Last weeks never got read by anyone-that is your guilt trip, here is this weeks...on time for once.
Dear Diary,
I woke up today feeling like sometimes I don't do enough. Plenty for myself. But more for my job, my wife, the community, learning about the world, visiting places, just being a better citizen and person over all.
I am really happy I have started to write poetry again now that I have a little (this is the key word) more time to do so. It may only be a few days out of fifteen but that is better than nothing.
There are lots of things I am and will always be ashamed of that I keep bringing up and can't let die like my drug problems. It's one thing to laugh about yourself and something else entirely to enjoy telling stories for the sake of shock value. I look like such an innocent and people just can't believe them. Telling the truth is so much more effective and terrible than lying for me, and I love it. I wish I could keep my mouth shut some of the time. (except when blogging because you can always stop reading :)
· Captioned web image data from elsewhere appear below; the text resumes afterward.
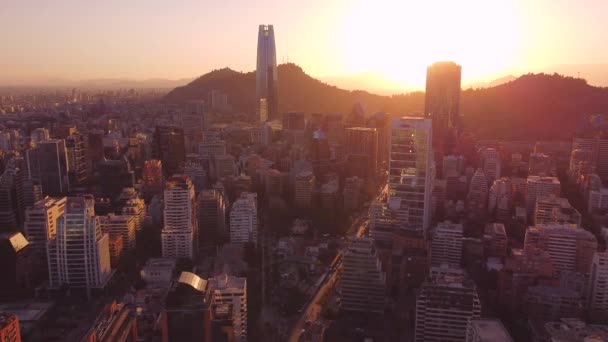 Santiago Chile Muestra Movimiento Sus Calles Los Coches Pasan Entre — Vídeos de Stock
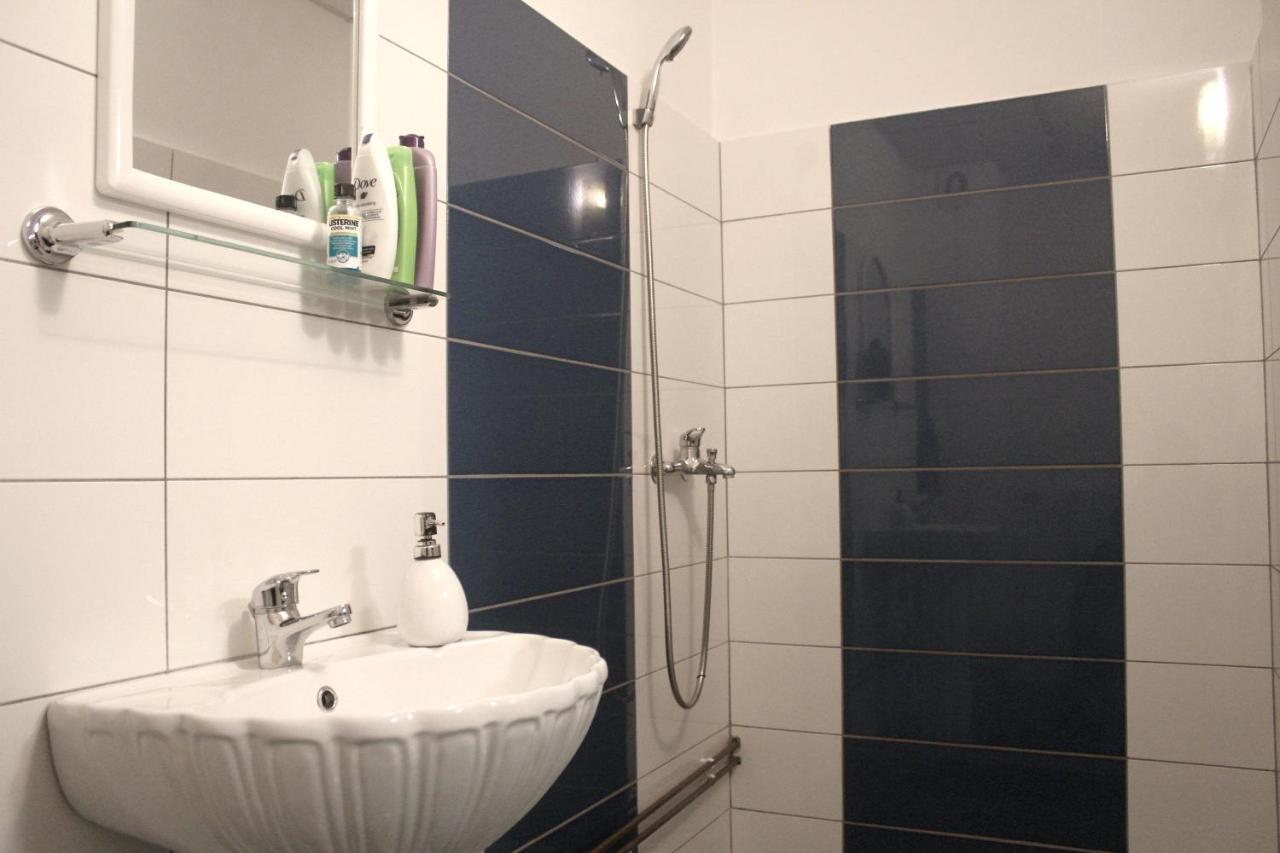 Yox Apartment 4 Oradea Exterior photo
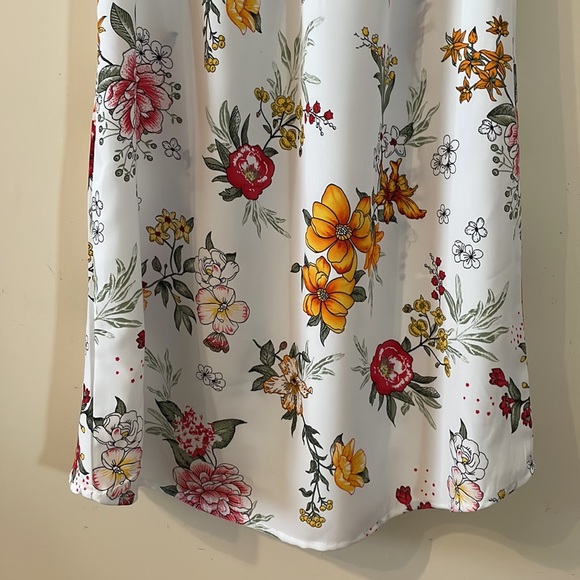 2/$25 SWS Streetwear Society Floral Cold Shoulder Dress - Picture 7 of 10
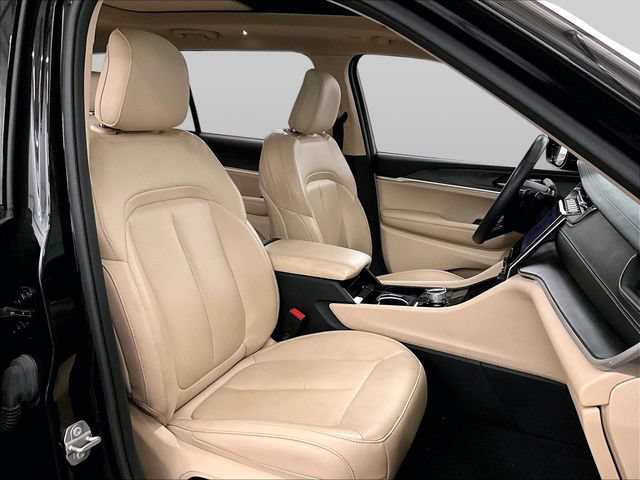 Used 2021 Jeep Grand Cherokee L Limited AWD/4WD image 7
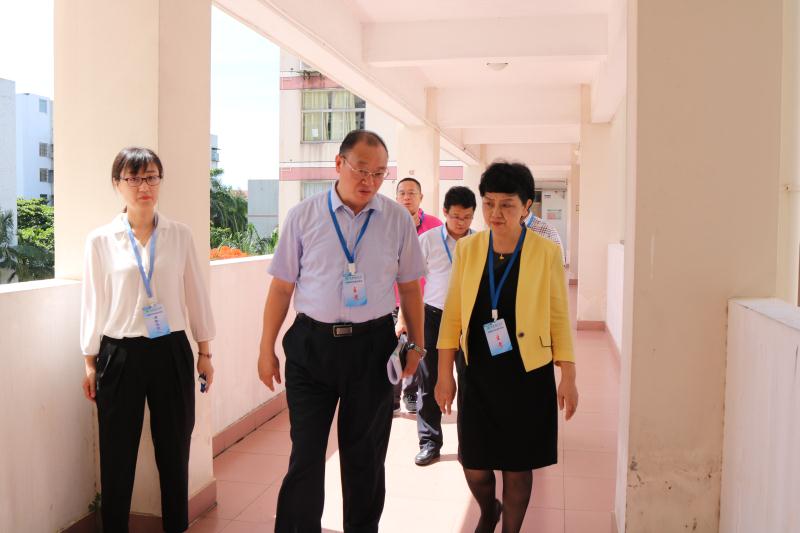 李红梅巡查2020年博士研究生招生考试笔试考场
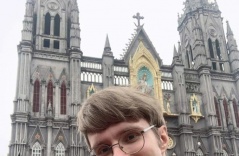 Cô gái Việt 'chốt đơn' chàng trai Nga sau ánh nhìn đầu tiên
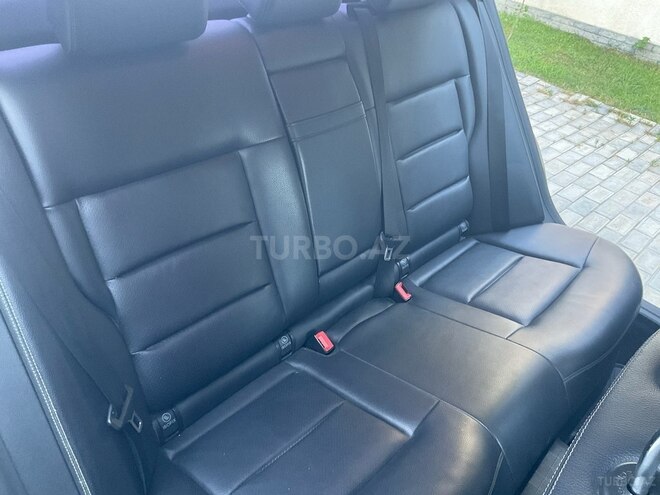 Mercedes E 200 2013, 185,000 km - 2.0 l - Bakı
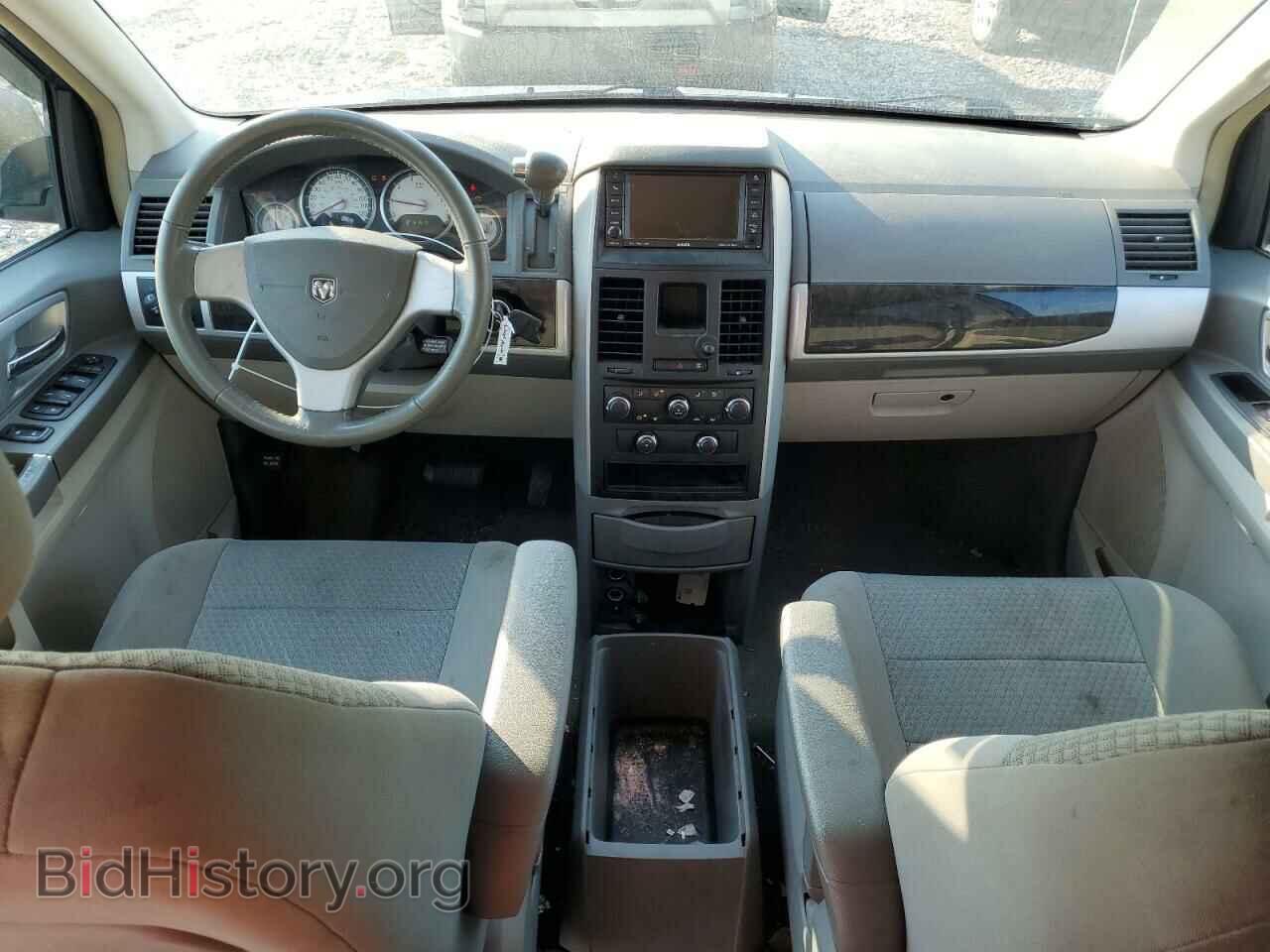 2010 DODGE CARAVAN - VIN: 2D4RN6DX1AR343025 - Фото 8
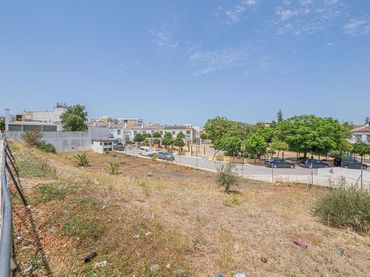 Terreny residencial en venda a Calle de Miguel Ángel Asturias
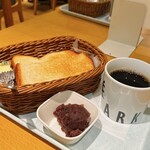カフェデンマルク - モーニングセット　バタートースト粒あん＆バター　480円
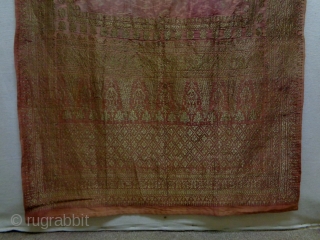 19th Century Indonesian Brocate
Size: 74x197cm (2.5x6.6ft)
Gold thread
I wish I had experimented and had my bad behavior before college so that I would have learned when my parents still had a big influence on me and I would have gotten over that stage of my life earlier. If I had to choose good grades in HS or college, I obviously would have picked college. Although they were above average, they were not good because I was much too stoned to care.
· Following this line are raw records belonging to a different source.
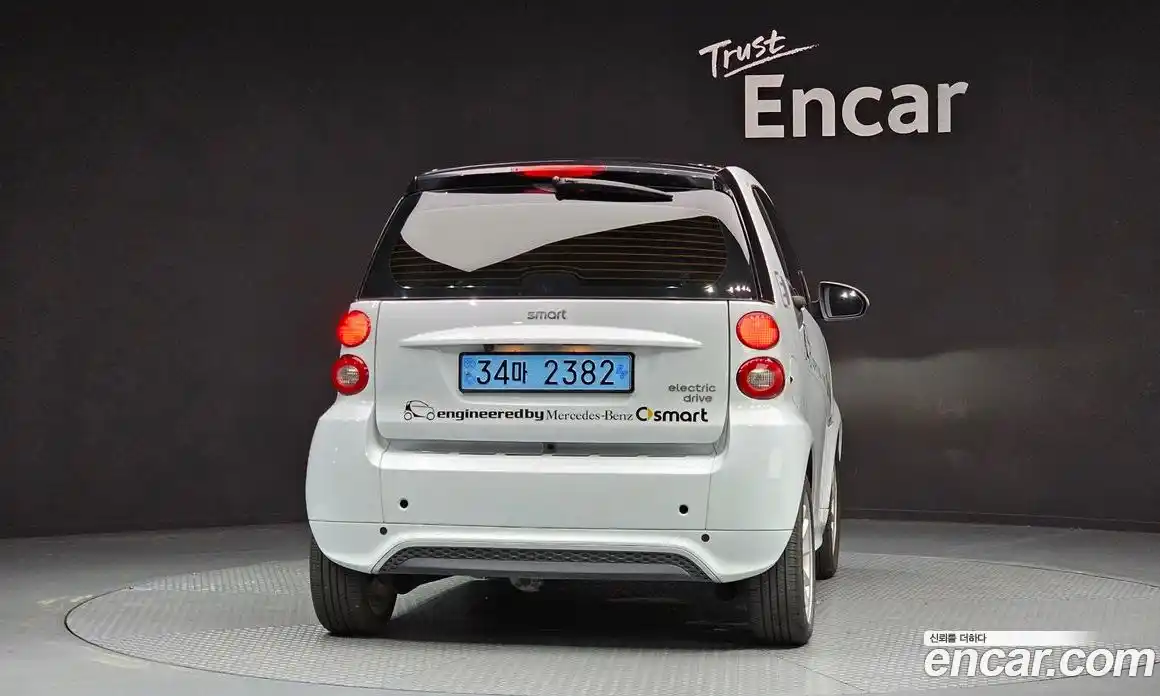 Smart Fortwo 2016 2.0 гидро в Москве № 1425062, фото 4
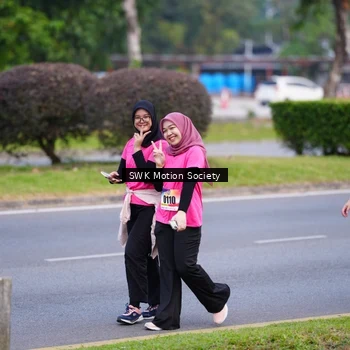 Runner Photo 8203021
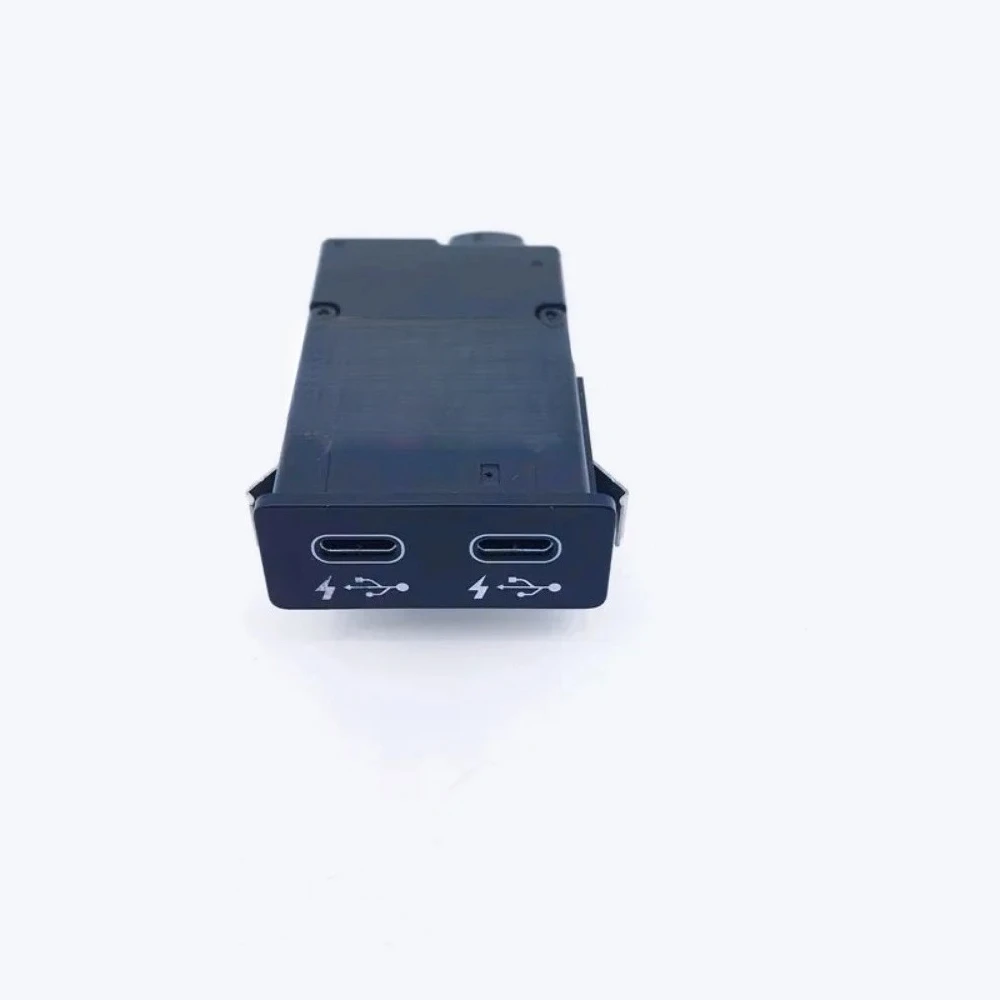 AC-Car USB Connector Car Charger For BMW X1 U11 M35i 2023 2024 All Models Car Central Console TYPE-C Socket Dual Port 84105A57
AC-Car USB Connector Car Charger For BMW X1 U11 M35i 2023 2024 All Models Car Central Console TYPE-C Socket Dual Port 84105A57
I really wish I had more friends who cared about me. I know everyone is busy. I am too. However I invited close to 100 friends to my wedding and about 10 came. Half from here and half traveled short distances. Two of the ones who were most important could not come and that hurt. When I want to talk to someone I always have to do the calling. It has been that way forever unless someone wants something. It would have been nice to be invited to social gatherings and be a little more popular early on and not so awkward, although I doubt I would be who I am if I had any of that.
I got an email this morning that really brought me down, which being manic, does not happen often. It was like a critique of how I seem to just not give a crap about anything and I do. It reminded me of all the times people used to say I sounded angry on the phone. It took years for me to perfect a phone voice that didn't sound that way. I am so full of sarcasm that sometimes one can read my voice better than my expressions, but those are bad too.
I am, in the end, very pleased with how things turned out over all. My family is great. My wife and cats are great. When I have a child someday I am sure that will be great. The friends are the only thing I stress over. I have from the beginning, and always will find it awesome that blogging came about because without it I would have no contact with the outside world beyond work.